How to use python-dependent DO.utils functions?

These functions should work as standard R functions. In some cases internal data extractor functions have been written to eliminate the need for non-standard user data munging.

Python Setup

Although it has not been tested yet, use of reticulate should handle installation of python and/or python modules automatically and require little to no user input. The default is to attempt to identify and use python that is already installed. Should that not work, reticulate should install python and needed modules via miniconda.

Customization

More user control can be achieved over this installation (like using pip and venv instead of miniconda) by using reticulate to install python and create a virtual environment before calling library(DO.utils) for the first time. The basic procedure would be to execute the following:

library(reticulate) # installs with DO.utils
py_version <- "3.9" # or whatever version you prefer
venv_name <- "r-reticulate"

py_path <- install_python(py_version)
virtualenv_create(venv_name, py_path, version = py_version)

A Note on Virtual Environments

reticulate can create conda environments or venv/virtualenv virtual environments. Non-conda virtual environment options are described briefly below but similar options approaches are available for conda environments via reticulate.

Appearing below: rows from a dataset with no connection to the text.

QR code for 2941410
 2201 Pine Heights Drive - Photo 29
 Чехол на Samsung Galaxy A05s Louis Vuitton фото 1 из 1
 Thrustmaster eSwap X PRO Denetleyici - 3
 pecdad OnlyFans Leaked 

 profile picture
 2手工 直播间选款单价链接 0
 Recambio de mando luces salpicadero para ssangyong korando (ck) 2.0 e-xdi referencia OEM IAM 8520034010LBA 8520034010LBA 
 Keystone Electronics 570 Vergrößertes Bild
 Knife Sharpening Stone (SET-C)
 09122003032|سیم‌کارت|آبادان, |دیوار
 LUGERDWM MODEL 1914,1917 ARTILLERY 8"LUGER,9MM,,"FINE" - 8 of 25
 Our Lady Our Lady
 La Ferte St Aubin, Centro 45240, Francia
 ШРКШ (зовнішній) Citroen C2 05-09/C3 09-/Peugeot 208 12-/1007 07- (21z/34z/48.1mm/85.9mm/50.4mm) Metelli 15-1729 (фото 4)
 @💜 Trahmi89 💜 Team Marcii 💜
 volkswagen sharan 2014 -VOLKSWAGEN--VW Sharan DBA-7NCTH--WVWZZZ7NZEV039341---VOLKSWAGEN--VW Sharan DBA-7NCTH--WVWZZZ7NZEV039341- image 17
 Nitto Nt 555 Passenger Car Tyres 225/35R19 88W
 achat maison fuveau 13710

r-reticulate is the default virtual environment name promoted by the developers of reticulate for ALL packages that depend on reticulate, with the goals of 1) promoting interoperability between packages that depend on reticulate and python and 2) to better manage python module dependencies, through the use of a single virtual environment. Alternatives to this default environment can be specified by modifying the first argument envname to virtualenv_create(). A name (without slashes) will create a virtual environment of that name in the default location (see virtualenv_root()); a relative or absolute path (with slashes) will create a virtual environment in the specified directory, which can be nice if you want a python virtual environment associated with a specific project.

A Note on Python Module Installation

It is possible to specify python modules to install at the time a virtual environment is created or later by activating the virtual environment and executing virtualenv_install(). If only DO.utils dependencies are desired, this should not be necessary as the first execution of library(DO.utils) in an active virtual environment should install the python module dependencies of DO.utils automatically. Should any python module need to be installed by a user, the modules used by DO.utils can be found in the “Config/reticulate” section of it’s DESCRIPTION file.